Field check of pump head and pipe pressure loss: Tapping pressure points before and after a pump and connecting them to a manometer gives a direct reading of the actual pump head developed. The same arrangement on a pipe section measures pressure loss, and discrepancies versus design indicate scale buildup or partial valve closure during troubleshooting. Compared to electronic gauges, a manometer needs no power supply, rarely fails and tolerates high-temperature service.

Atmospheric measurement and altimeters: Historically the mercury barometer (Torricelli tube) is a direct ancestor of the U-tube manometer, sealing one side as a vacuum to read absolute atmospheric pressure as 760 mmHg. The pressure units "mmHg" and "Torr" are direct legacies of this device. Aircraft altimeters convert atmospheric pressure to altitude using the same hydrostatic principle.

Common Misconceptions and Cautions

The most common misconception is to think that ΔP depends only on the manometer fluid density ρ_m. As the formula shows, $(\rho_m - \rho_f)$ appears, so the pipe-fluid density ρ_f is subtracted off. When the pipe fluid is air (ρ_f about 1.2 kg/m^3), ρ_f is negligible and the device behaves like a barometer. When the pipe is full of water (1000) or oil (800 to 900), the ρ_f term is not negligible. Raising ρ_f from 1000 to 2000 in the simulator, with the same Δh, reduces ΔP by about 8 percent.

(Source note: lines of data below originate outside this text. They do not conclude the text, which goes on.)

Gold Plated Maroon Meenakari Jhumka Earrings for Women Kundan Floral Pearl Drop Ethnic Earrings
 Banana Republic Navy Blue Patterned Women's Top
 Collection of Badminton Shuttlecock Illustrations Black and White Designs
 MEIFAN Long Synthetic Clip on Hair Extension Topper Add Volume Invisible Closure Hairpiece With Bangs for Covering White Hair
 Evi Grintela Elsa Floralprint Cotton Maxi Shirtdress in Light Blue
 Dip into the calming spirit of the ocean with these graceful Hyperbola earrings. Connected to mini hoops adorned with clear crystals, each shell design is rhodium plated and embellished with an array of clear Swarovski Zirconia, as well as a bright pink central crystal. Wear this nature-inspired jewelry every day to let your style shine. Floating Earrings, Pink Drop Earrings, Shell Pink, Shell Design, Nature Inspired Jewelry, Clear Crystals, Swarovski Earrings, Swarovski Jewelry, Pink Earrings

Next most common is to forget the elevation difference z_B − z_A. With a manometer attached to a vertical pipe, the physical height difference between A and B causes the pipe fluid itself to add a static head to ΔP. Setting Δz to 1.0 m in the simulator changes ΔP by about 9.8 kPa even at a fixed Δh = 200 mm. As a field rule, "subtract the elevation difference to convert a manometer reading into a piezometric-head difference" prevents many incidents.

Finally, the formula implicitly assumes that the manometer fluid and the pipe fluid do not mix. Textbook equations assume perfect separation between the two phases, but in practice pulsation, entrained bubbles and temperature swings disturb the menisci, and over long service some pipe fluid can dissolve into the manometer fluid. To preserve reading accuracy the two fluids must be chemically inert toward each other, the menisci must be stable, and temperature compensation (mercury in particular has a large thermal expansion coefficient) must be applied.